Thursday 22 March 2018

Sejarah Tentang Lagu Dangdut

Sejarah Tentang Lagu Dangdut




Dangdut, musik populer Indonesia untuk menari yang menggabungkan tradisi musik lokal, musik film India dan Malaysia, dan rock Barat. Gaya ini muncul di Jakarta pada akhir 1960-an dan mencapai puncak popularitasnya di era '70 -an dan '80 -an.

Musik Dangdut muncul pada pertengahan abad ke-20 dari keinginan musisi muda urban Indonesia untuk mengembangkan gaya musik pan-Indonesia yang modern dan menarik bagi semua strata sosial ekonomi. Untuk itu, para musisi yang inovatif menyesuaikan apa yang disebut musik Melayu (juga disebut orkes Melayu, secara harfiah "orkestra Melayu") di Sumatra utara dan barat dan menyuntikkannya dengan unsur-unsur tradisi populer lainnya.

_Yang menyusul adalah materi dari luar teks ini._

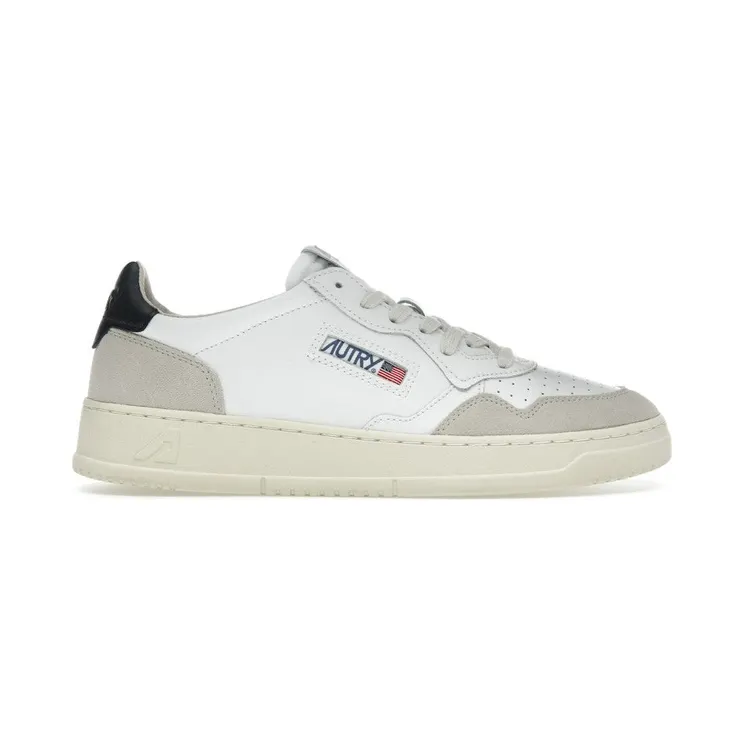 Autry Medalist Leather Low White Black Beige (AULM-LS21)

Musik Melayu sendiri merupakan bentuk sinkretis, produk dari pertemuan antara tradisi musik lokal, Timur Tengah, India, dan Barat. Komposisi suku Melayu beragam, dengan suling, tambur-tajuk bergaya tambur (yang pada dasarnya berasal dari Timur Tengah), biola, dan berbagai macam kecapi yang dipetik di antara instrumen yang paling umum. Lagu-lagu itu biasanya dinyanyikan dalam bahasa Indonesia (sebuah dialek Melayu), meskipun kadang-kadang beberapa dinyanyikan dalam bahasa Arab. Untuk musisi-musisi dasar Melayu ini ditambahkan fitur-fitur musik India — dan yang terkait Malaysia — termasuk musik orkestra melodis ala India serta karakter berirama yang berakar dari India. Terutama, mereka memasukkan tabla India (sepasang drum berkepala tunggal), yang terdengar sebagai sosok ritmik berulang yang diekspresikan secara verbal sebagai dang-dut (dengan penekanan pada suku kedua). Dari ritme yang meresap inilah genre baru itu menarik namanya. Meskipun tidak ada elemen tunggal dari musik baru itu adalah khas Indonesia, kombinasi unsur-unsurnya menghasilkan bentuk khas Indonesia.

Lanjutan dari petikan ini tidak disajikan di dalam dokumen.